Janet Yale had a clear message for streaming services operating in Canada following the release of the Broadcasting and Telecommunications Act Legislative Review (BTLR) panel’s expansive report.
“What they’re doing now is service productions – we’re saying that’s not good enough. What they have to do is invest in productions that meet Canadian content requirements, out of their programming budgets,” Yale told media following the panel discussion, which was moderated by AQPM’s Helene Messier and CMPA’s Reynolds Mastin.
Yale and Monique Simard took the stage at Prime Time on Thursday to flesh out the details of the report and explain the rationale behind its 97 recommendations.
Yale’s comments came just 24 hours after the release of the 235-page report, which included a recommendation that foreign-based digital video services should be regulated and subject to spending obligations to support Canadian content production.
Of all the ways to bring streaming services under Canadian regulation, Yale said this was the most logical – both from a legislative perspective, and for the streaming platforms themselves.
“We believe this is one of the least intrusive ways that streaming services can contribute, without changing their business models,” she noted. “We’re just telling them they have to take a certain amount of the money they’re already spending in Canada and make sure that investment complies with Canadian content requirements.”
Under the panel’s proposal, the CRTC would introduce a “registration regime” through which foreign-based digital services would be subject to a number of conditions, among them a requirement to contribute to the funding of Canadian content.

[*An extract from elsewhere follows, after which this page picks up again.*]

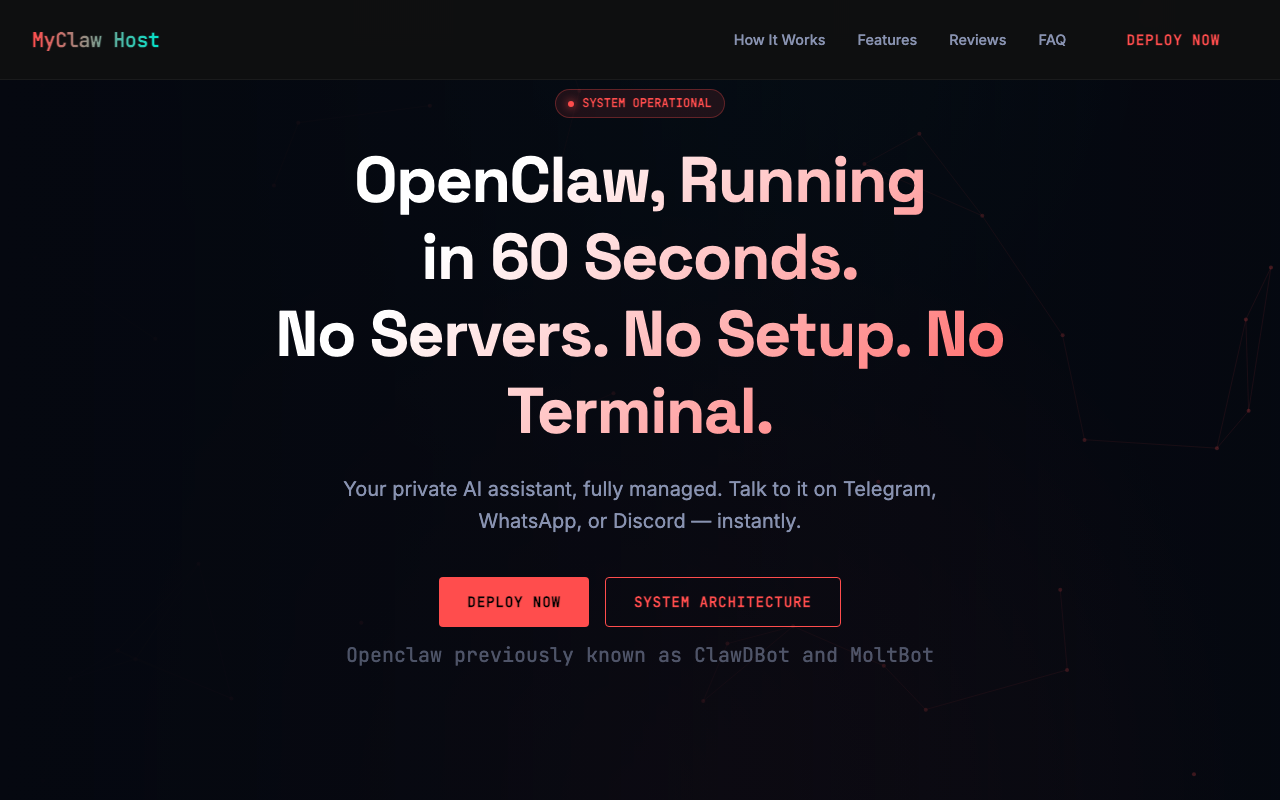 MyClaw Host homepage screenshot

That contribution should be based on the percentage of Canadian-derived revenues the specific platform makes in Canada, suggested the panel in its report.

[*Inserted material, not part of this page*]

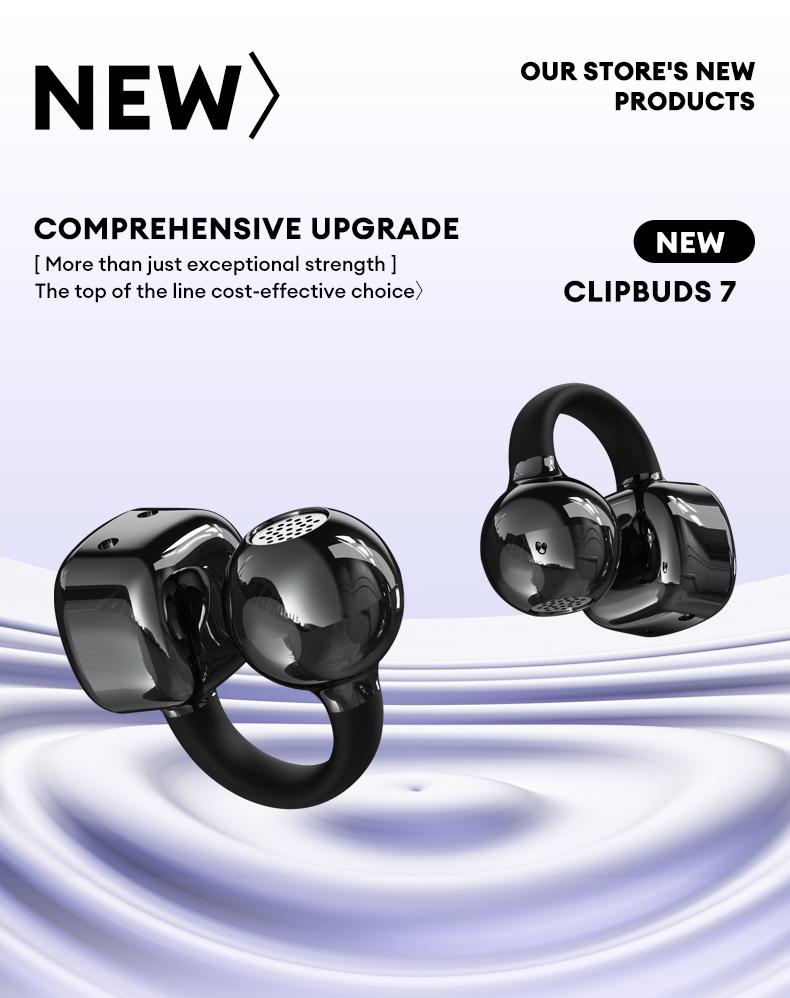 HYUNDAI Clipbuds 7 Clip-on Design Wireless Headphones, Powerful Sound Effects for Music, Dustproof & Waterproof Sports Earbuds for Running, Workout, Audio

In Canada, Netflix has by far the largest subscriber base of any international OTT service. Its subscription revenue is estimated to have climbed to around $1 billion annually, after the California-based streamer reported revenues of $780 million for the first three quarters of 2019.
For its part, Netflix, which has spent more than $500 million producing content in Canada over the past two years, responded to the report by saying it “will continue investing in made-in-Canada productions and stories.”
The panel also recommended the CRTC begin collecting consumption data from all digital companies operating in Canada. To that point, Yale said the goal is not for streamers to divulge “intrusive or confidential information” but rather for the CRTC to gain a better understanding of the viewing environment in Canada.
“We’re recommending that the information-gathering powers of the CRTC be sufficient for them to know and understand what’s going on in the market. To the extent that there are issues that need to be addressed from a regulatory perspective, they [would] have the information. [It’s] not to just go on an expedition to gather data for the sake of data,” she said.
Elsewhere in the discussion, Simard discussed the reasoning behind the proposed Telefilm-CMF merger. “We have two institutions – one supposedly devoted to the big screen, and the other to the small screen. Well, to have two separate institutions doesn’t really [make sense] anymore. We think they can be the same institution, but that doesn’t mean you don’t have specific programs inside it,” adding that certain programs within the merged entity could be devoted to film, as well as other mediums.
Mastin said the CMPA agrees philosophically about taking a content-agnostic approach, but emphasized the need to ensure the needs and priorities of both TV and film producers continue to be met if a Telefilm-CMF merger materializes.
“There are always risks when you amalgamate two well-established agencies like the CMF and Telefilm, and there’s always the risk of unintended consequences, which is why it’s important to have meaningful dialogue about what that would look like before anyone moves forward with actually bringing the two agencies together,” he told Playback Daily.
Meanwhile, Simard also addressed producers that had expressed concern that the report did not specifically outline the roles of kids and unscripted content, reassuring them that the report’s function was not to define the role of specific content genres, but rather to create a framework through which the CRTC could determine criteria for the production of those genres.
Earlier in the day, Minister of Canadian Heritage Steven Guilbeault said updated legislation could be tabled at the House of Commons as early as June.